Food producers will soon be required to list in plain English exactly what is in their product. No more hiding behind words like "microcrystalline celluose" and "sodium caseinate".
People get worried when they have to eat something that has an ingredient that has more than three syllables or sounds like something they remember stored in a beaker in chemistry.
Me, too. The one ingredient that I'm the most interested in is in everything.
A package of weiners will list meat and salt and spices. A can of apple pie filing will list apples, sugar and spices. A box of dog food will list cereal, meat and spices.
What "spices?"
I'm not sure I want the same spices in my apple betty as Buttons has in her kibbles and bits.
Besides, exactly what kind of spice does a dog who prefers to eat out of a garbage can and drink from the toilet prefer, anyway?
Is there an industrial-sized can of something called "Spices" in every cannery in the country?
Now, color me picky, but to me there is a big difference between various kinds of spices.
I remember one particularly groggy morning when I dusted my oatmeal with what I thought was cinnamon.
It didn't take too many spoonfuls to become convinced that, though similar in appearance, there is a dramatic difference between cinnamon and red pepper.

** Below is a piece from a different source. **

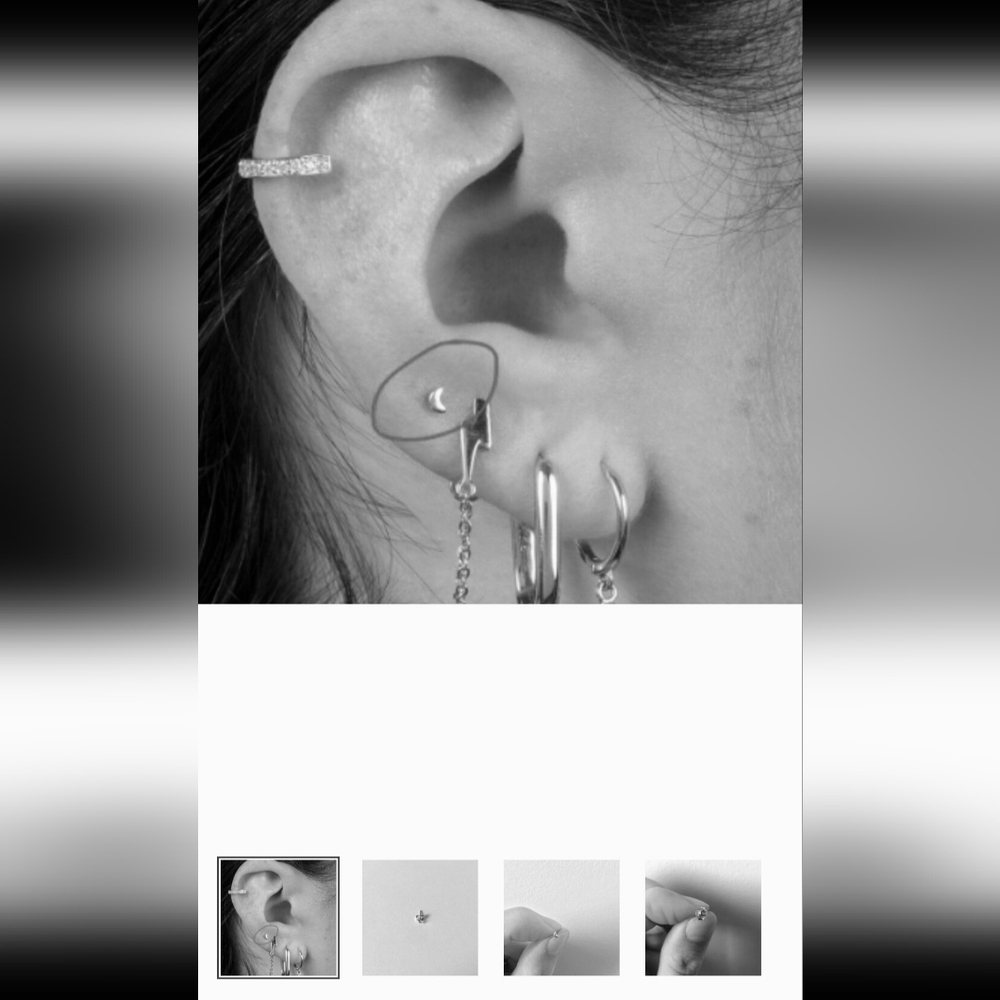 Studs Sterling Silver 925 Tiny Moon Stud Earring Post No Backing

But soon we will be in the dark no longer. We have the right to know exactly what we're in for when we buy our gorceries.
It's too bad we can't require religious groups to label their products more understandably.
They hide their more unpal¬atable doctrines behind Christian terms like "God," "Salvation" and "Jesus."
But a discriminating shopper will soon discover that, though similar in appearance, there is a dramatic difference.